I'm glad you posted this, because I wanted to post something like it myself.
I'm very new to my transition experience and in the early stages, but from what I have learned from myself in the last 3 months and realized over the last 7 years of my adult life, I am not a gay man as I came out as when I was 14 (very accepting parents, I was *very* lucky for them to accept even that back in the 2002).

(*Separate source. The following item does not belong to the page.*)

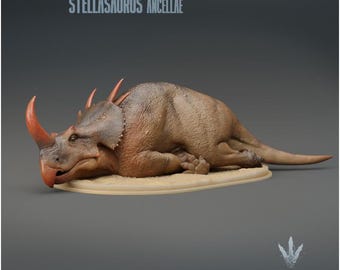 Stellasaurus ancellae: Durmiendo - Impresión 3D en resina SIN PINTAR - Museo de miniaturas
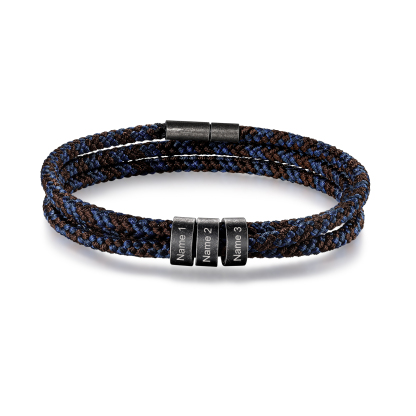 Pulsera de triple cuerda azul y marrón con 3 aros 3 nombres personalizados pulsera de hombre -Jessemade ES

I always felt as, a gay man, incredibly awkward while in relationships including: holding hands, giving flowers/gifts, who remember anniversaries, who pays, top/bottom/vers roles, 'sexiness of bathhouses', 'attractiveness of being promiscuous', kissing in public and most of all, the somewhat 'animalistic' and vastly testosterone-driven drive for sex immediately. I always looked for the gay man who would be the man, so I would be the woman --- but I didn't 'think' of it that way, because that's not how a gay man is, it is a give and take, a compromise: I always yearned for the opposite. For years I battled with disagreeing with all of it (and so much more), striving for the heterosexual norm, with all my gay peers constantly scrutinizing me. And I was always such an awkward gay man. I'd be the one covered in make-up, feminizing myself in every way and then wondering, why doesn't any gay guy like me, except for the ones who are as girly as I am (still don't get that)? After going after all the straight men with obviously, no successes, idolizing my female friends, being jealous of their gender and never relating to any gay man emotionally on structurally in the gay world, it was the real bubble burst that I was not actually gay at all.
Bottom line: preference only 'straight'/heterosexual men without getting into any debate of bi/curious TS ->-bleeped-<-s.